Rationale: Viruses hijack the host cell machinery to promote viral replication; however, the mechanism by which metabolic reprogramming regulates innate antiviral immunity in the host remains elusive. Herein, we explore how the hexosamine biosynthesis pathway (HBP) and O-linked-N-acetylglucosaminylation (O-GlcNAcylation) regulate host antiviral response against hepatitis B virus (HBV) in vitro and in vivo.

Methods: We conducted a metabolomics assay to evaluate metabolic responses of host cells to HBV infection. We systematically explored the role of HBP and protein O-GlcNAcylation in regulating HBV infection in cell and mouse models. O-linked N-acetylglucosamine (O-GlcNAc) target proteins were identified via liquid chromatography-tandem mass spectrometry (LC-MS) and co-immunoprecipitation assays. Additionally, we also examined uridine diphosphate (UDP)-GlcNAc biosynthesis and O-GlcNAcylation levels in patients with chronic hepatitis B (CHB).

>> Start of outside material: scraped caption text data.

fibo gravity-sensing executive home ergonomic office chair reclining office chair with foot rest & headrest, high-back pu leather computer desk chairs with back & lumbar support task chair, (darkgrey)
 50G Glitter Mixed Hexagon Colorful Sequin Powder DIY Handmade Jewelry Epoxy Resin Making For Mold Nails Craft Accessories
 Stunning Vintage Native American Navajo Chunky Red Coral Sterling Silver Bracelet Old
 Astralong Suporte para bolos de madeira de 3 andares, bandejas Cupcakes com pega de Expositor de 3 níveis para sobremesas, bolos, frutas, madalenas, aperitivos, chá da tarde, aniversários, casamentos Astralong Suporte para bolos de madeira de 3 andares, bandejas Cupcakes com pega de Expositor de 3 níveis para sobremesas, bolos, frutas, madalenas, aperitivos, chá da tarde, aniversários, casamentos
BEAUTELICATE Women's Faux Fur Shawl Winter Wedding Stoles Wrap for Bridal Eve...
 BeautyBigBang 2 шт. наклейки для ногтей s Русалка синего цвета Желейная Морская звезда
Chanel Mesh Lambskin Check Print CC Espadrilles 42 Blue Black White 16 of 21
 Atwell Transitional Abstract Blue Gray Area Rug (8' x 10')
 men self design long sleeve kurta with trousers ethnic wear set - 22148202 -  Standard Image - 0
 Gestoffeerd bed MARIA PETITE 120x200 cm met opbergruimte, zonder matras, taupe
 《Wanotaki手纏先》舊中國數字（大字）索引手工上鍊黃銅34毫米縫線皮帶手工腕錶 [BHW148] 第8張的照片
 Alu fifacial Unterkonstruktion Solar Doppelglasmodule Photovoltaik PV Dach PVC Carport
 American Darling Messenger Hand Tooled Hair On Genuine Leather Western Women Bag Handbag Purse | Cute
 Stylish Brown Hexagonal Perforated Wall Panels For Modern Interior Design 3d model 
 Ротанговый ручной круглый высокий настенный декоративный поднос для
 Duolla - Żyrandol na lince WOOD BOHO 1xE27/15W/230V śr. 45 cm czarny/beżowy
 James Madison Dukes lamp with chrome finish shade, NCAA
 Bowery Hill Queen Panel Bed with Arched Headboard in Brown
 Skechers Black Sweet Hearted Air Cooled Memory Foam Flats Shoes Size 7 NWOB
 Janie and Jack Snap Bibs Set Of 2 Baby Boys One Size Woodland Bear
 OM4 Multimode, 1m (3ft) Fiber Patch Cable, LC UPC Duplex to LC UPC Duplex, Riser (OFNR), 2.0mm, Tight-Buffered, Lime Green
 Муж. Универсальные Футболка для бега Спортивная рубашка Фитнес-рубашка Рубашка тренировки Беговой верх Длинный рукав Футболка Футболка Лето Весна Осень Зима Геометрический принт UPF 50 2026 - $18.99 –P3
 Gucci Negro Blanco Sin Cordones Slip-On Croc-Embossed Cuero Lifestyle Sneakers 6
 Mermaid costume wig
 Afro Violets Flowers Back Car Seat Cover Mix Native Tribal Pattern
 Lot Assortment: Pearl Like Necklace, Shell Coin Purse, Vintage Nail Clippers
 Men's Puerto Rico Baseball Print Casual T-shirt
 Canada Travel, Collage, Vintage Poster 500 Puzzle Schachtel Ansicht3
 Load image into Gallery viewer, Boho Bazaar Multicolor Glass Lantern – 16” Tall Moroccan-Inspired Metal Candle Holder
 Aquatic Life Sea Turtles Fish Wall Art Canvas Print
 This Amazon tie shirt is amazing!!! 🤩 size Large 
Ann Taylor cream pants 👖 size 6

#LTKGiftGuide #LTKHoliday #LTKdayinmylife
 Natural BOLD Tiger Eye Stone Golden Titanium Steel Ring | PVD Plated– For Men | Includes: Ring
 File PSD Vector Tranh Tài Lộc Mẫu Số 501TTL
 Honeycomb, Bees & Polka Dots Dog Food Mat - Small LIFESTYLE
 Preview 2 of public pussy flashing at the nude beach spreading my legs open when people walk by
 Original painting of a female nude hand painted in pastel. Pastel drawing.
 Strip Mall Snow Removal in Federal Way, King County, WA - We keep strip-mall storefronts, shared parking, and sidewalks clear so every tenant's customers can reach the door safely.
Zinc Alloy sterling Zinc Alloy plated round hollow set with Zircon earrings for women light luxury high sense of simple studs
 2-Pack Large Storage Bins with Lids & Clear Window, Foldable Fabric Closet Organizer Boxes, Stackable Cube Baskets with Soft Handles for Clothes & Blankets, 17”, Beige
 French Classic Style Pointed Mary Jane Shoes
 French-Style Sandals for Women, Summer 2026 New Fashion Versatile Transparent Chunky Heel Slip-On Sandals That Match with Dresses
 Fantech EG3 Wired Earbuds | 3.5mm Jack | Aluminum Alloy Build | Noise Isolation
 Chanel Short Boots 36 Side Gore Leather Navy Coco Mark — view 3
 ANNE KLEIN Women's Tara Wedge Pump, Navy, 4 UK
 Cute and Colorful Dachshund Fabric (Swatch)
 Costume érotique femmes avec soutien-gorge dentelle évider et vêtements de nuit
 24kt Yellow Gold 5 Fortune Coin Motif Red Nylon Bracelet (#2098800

Results: HBV infection upregulated GLUT1 expression on the hepatocyte surface and facilitated glucose uptake, which provides substrates to HBP to synthesize UDP-GlcNAc, leading to an increase in protein O-GlcNAcylation. Pharmacological or transcriptional inhibition of HBP and O-GlcNAcylation promoted HBV replication. Mechanistically, O-GlcNAc transferase (OGT)-mediated O-GlcNAcylation of sterile alpha motif and histidine/aspartic acid domain-containing protein 1 (SAMHD1) on Ser93 stabilizes SAMHD1 and enhances its antiviral activity. Analysis of clinical samples revealed that UDP-GlcNAc level was increased, and SAMHD1 was O-GlcNAcylated in patients with CHB.

Conclusions: HBP-mediated O-GlcNAcylation positively regulates host antiviral response against HBV in vitro and in vivo. The findings reveal a link between HBP, O-GlcNAc modification, and innate antiviral immunity by targeting SAMHD1.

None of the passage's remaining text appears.